The Tree of Code Translations (ToCT) algorithm, which is used by CodeTransEngine, can sometimes be resource-intensive because it performs multiple inferences throughout the tree structure. However, the Engine allows users to adjust various parameters to control this process. These settings let you trade off between the thoroughness of the search (how exhaustive it is) and the speed of the translation. This flexibility ensures that the Engine can be optimized for different use cases and resource constraints.

At the same time, you can use CodeTransEngine without ToCT. For example when performing Direct Translation. This is the fastest way to translate code, but it may not always produce the best results. The Engine is designed to be flexible and to allow users to choose the best approach for their specific needs.

Performance Tuning Parameters for ToCT

Two of the most important parameters to tune are the number of intermediate languages and the number of intermediate translations in each path. These parameters allow to trafe-off accuracy and speed. The more intermediate languages and translations, the higher the chance of finding a translation, but the more computationally expensive the process becomes.

Number of Intermediate Languages

You can use our empirical results find what languages are most important to include for specific translation pairs. This is shown in the InterTrans paper.

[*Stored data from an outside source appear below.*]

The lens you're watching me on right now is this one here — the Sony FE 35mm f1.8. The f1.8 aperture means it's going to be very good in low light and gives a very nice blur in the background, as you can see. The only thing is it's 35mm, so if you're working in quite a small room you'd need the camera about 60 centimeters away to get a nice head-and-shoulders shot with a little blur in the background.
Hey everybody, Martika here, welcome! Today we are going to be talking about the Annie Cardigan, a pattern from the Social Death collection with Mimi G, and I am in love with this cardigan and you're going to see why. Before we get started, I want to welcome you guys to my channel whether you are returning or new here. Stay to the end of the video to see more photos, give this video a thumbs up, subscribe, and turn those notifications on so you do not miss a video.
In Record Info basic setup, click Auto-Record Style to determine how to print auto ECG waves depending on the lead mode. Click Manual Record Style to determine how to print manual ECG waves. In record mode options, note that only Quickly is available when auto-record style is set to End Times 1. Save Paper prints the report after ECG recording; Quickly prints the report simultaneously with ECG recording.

The higher the CA Decrease (%) in the Figure below, the more important it is keeping that language as intermediate.

Example of Tree of Code Translation

Depth of the Tree of Code Translations

The depth of the tree of code translations is the number of intermediate translations in each path. The more intermediate translations, the higher the chance of finding a translation, but the more computationally expensive the process becomes. A depth of 1 is equivalent to Direct Translation (ToCT is disabled).

Example of Tree of Code Translation

Our empirical experiments show that the Computational Accuracy (quality of translation) increases with the depth, but the gains after a depth of 3 start to show diminishing returns. Therefore, we recommend using a depth of 3 and use a depth of 4 only if you need to maximize the quality of the translation.

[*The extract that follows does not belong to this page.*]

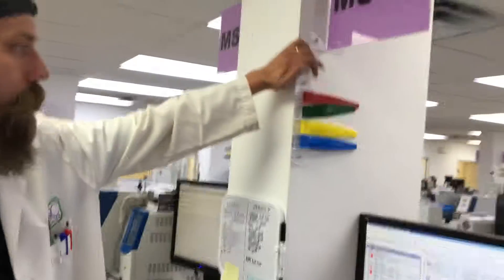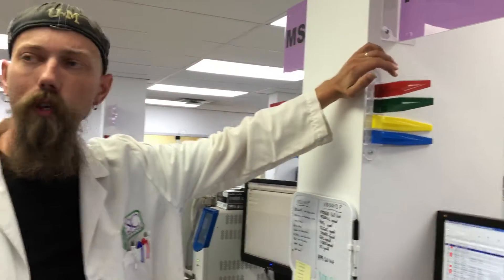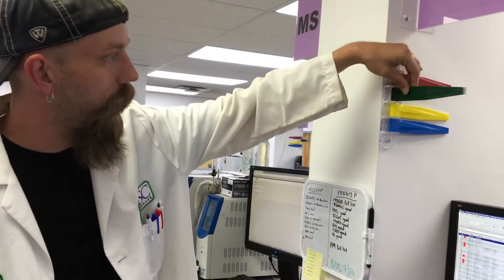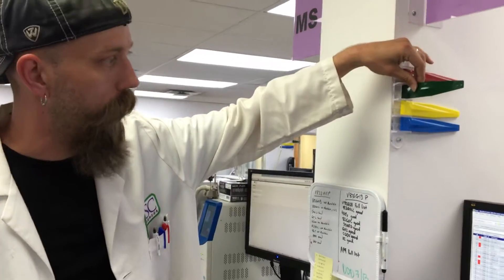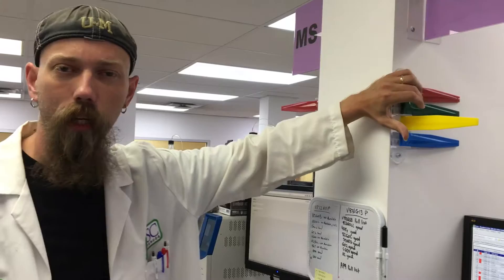The machine system is pretty simple. We have a red flag out, which usually means that the machines are not currently running — they need some maintenance. Having the green out means it is currently running. We have the yellow one out; it's running a curve.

Algorithm-independent Parameters

The following parameters are independent of the ToCT algorithm and can be used to control the performance of the Engine:

useComputeEfficientMode: boolean

When set to true, it disables concurrency in InterTrans. This means that translations are processed sequentially and when there is an error in the path (e.g. can’t extract source code, or inference failed) the algorithm moves on to the next path. When a translation is found, the algorithm returns immediately. Setting this to false enables higher throughput and faster translations, at the expense of possibly additional computations. When set to false finding a translation in a path does best-effort stopping computations in other paths.

useInferenceCache: boolean

When an inference is to be performed for an edge, return a cached version if available if set to true. This should be set to false when looking to take advantage of randomness (such as performing Direct Translation @ K).

useResponseCache: boolean

When set to true it allows to cache the results of a translation request. This is useful to resume experiments or add new samples, as previous samples would not have to be recomputed (if other options remain unchanged)

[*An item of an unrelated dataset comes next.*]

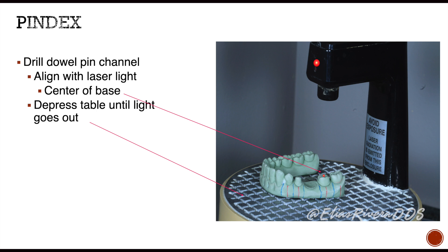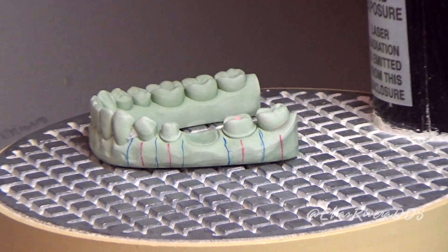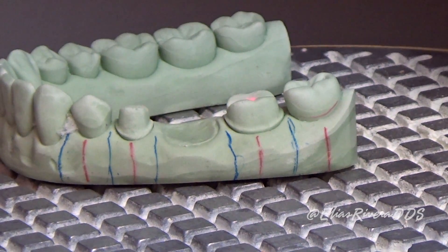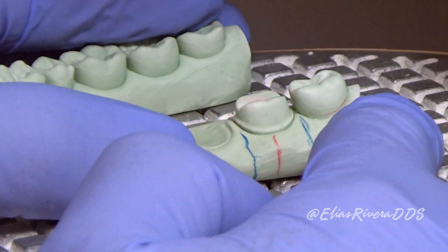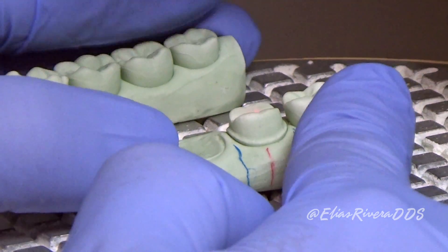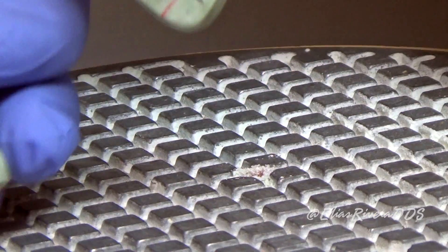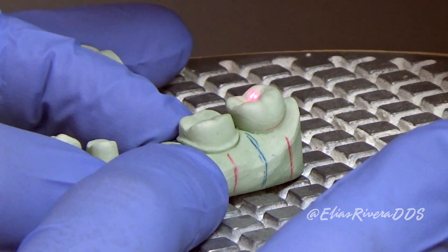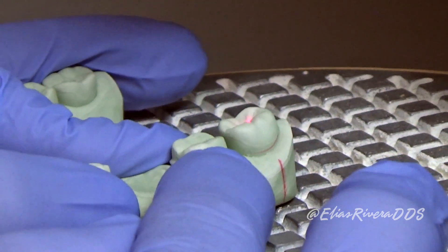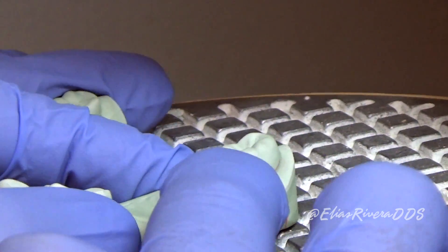We're going to use a Pindex machine to help us fabricate the dowel pin channel. Here's our cast with our reference lines. We're going to align our red reference lines using the laser. I'm going to push down until the light disappears a couple of times. We're going to do the same for every single red line we placed, also in the areas of teeth 27 and 31.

useExecutionCache: boolean

If true, whenever the LLM generates a program that was previously seen, it returns the results of the previous execution for such program instead of executing it again

earlyStop: boolean

In translations where there are multiple test cases to be executed to assess the accuracy of the translation. When true if one of the test cases fails, the algorithm returns and does not execute the other test cases. false would execute all the test cases regardless if the previous one failed. Useful to disable when information about the status of each test case is necessary.